Not all blocks are due to conduction system disease. Non-conducted atrial premature beats may mimic AV block. Concealed His bundle or ventricular extrasystoles confined to the specialised conduction system without myocardial depolarisation can also produce electrocardiographic patterns that mimic a type I and/or type II block (pseudo-AV block). Occasionally, retrograde P waves may be present. Thus, AV block due to concealed junctional beats that might represent activity of a pathway inserting into the AV junction may require catheter ablation rather than a pacemaker for therapy.[4]
The diagnosis of a type II block cannot be established if the first post-block P wave is followed by a shortened PR interval or is not discernible.
An apparent narrow QRS type II block may be a type I block with miniscule increments of the PR interval.
A 2:1 AV block is not necessarily a type II block; it can be nodal or infranodal.[2,3] It can be high grade if the sinus rate is low or even a normal response of the AV node to an atrial tachycardia or flutter.

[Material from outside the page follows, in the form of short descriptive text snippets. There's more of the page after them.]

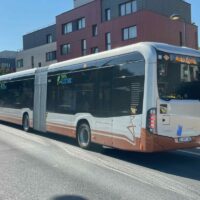 Stib : les nouveaux bus électriques articulés enfin mis en service, mais avec un an de retard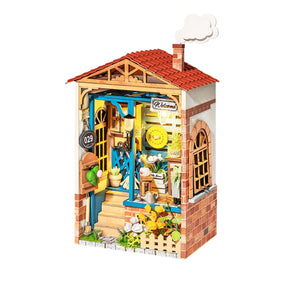 Hands Craft DI Diy Miniature House Kit: Dream Yard 850026738520 DS012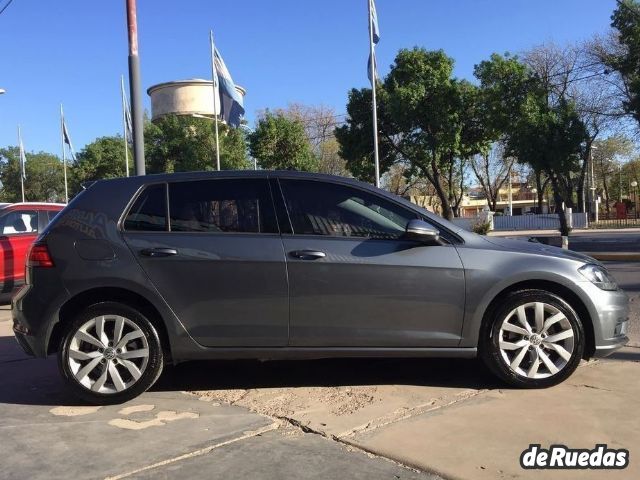 Volkswagen Golf Usado en Mendoza, deRuedas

If the PR is >300 ms, the block is in the AV node. If the PR is <160 ms, the block is in the bundle of His or bundle branches.[1]
A pattern resembling a narrow QRS type II block in association with an obvious type I structure in the same recording effectively rules out a type II block, because the coexistence of both types of narrow QRS block is exceedingly rare.

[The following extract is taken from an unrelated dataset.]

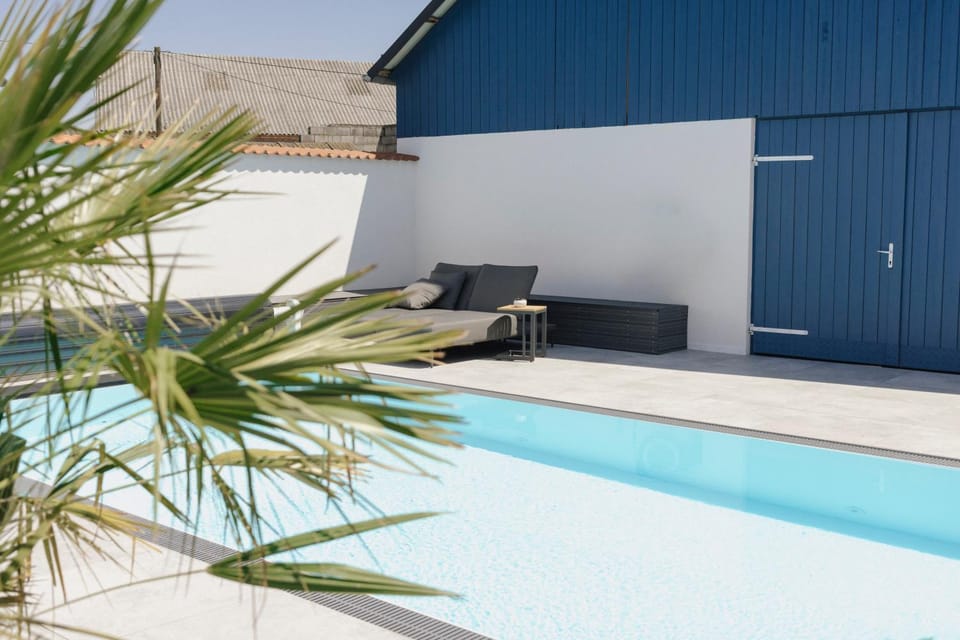 Patio, Pool view, Swimming pool, sunbed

If the QRS complex demonstrates bundle branch block, the site of conduction can be anywhere in the AV conduction system. If the QRS complex is normal, the block is in the AV node or bundle of His, whereas a type I block with bundle branch block barring acute myocardial infarction is infranodal in 60–70 % of cases.[2,3]

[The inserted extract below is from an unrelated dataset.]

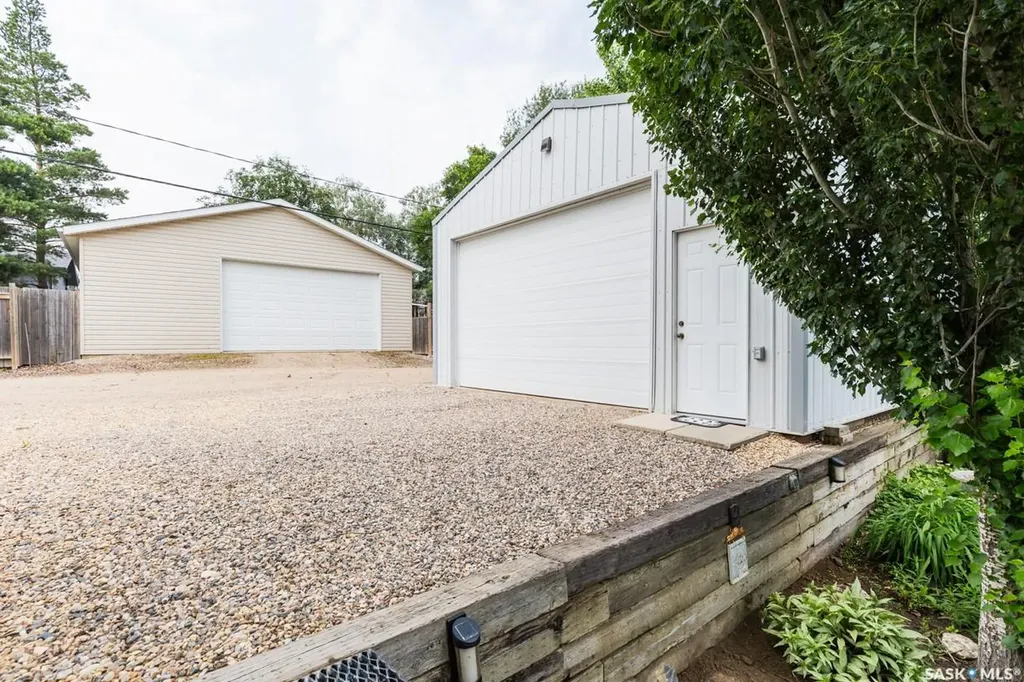 729 Saskatchewan Avenue Kerrobert SK S0L 1R0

If the conduction improves with atropine or exercise, or worsens with carotid sinus massage, the block is in the AV node. If the conduction worsens with atropine or exercise, or improves with carotid sinus massage, the block is in the bundle of His or branches.[1]
Although the diagnosis of a type II block is possible with an increasing sinus rate, the absence of sinus slowing is an important criterion of a type II block, because a vagal surge can cause simultaneous sinus slowing and AV nodal block, which can superficially resemble a type II block. Significant PR prolongation before and after a block, and prolonged PP intervals during ventricular asystole are indicative of vagal block that is a benign condition rather than paroxysmal AV block; that is, pause- or bradycardia-dependent phase 4 AV block, which is potentially dangerous for syncope.[5] Phase 4 AV block occurs mostly in the diseased His-Purkinje system, when an impulse enters the system during phase 4 diastolic depolarisation (Figure 1).
Phase 3 AV block, which involves conduction block of early premature impulses in myocardium that is refractory because of phase 3 repolarisation, is a physiological phenomenon that is often due to a high atrial rate (Figure 1).[5,6]
Figure 1: Phase 3 Conduction Block and Mechanism for Phase 4 Block.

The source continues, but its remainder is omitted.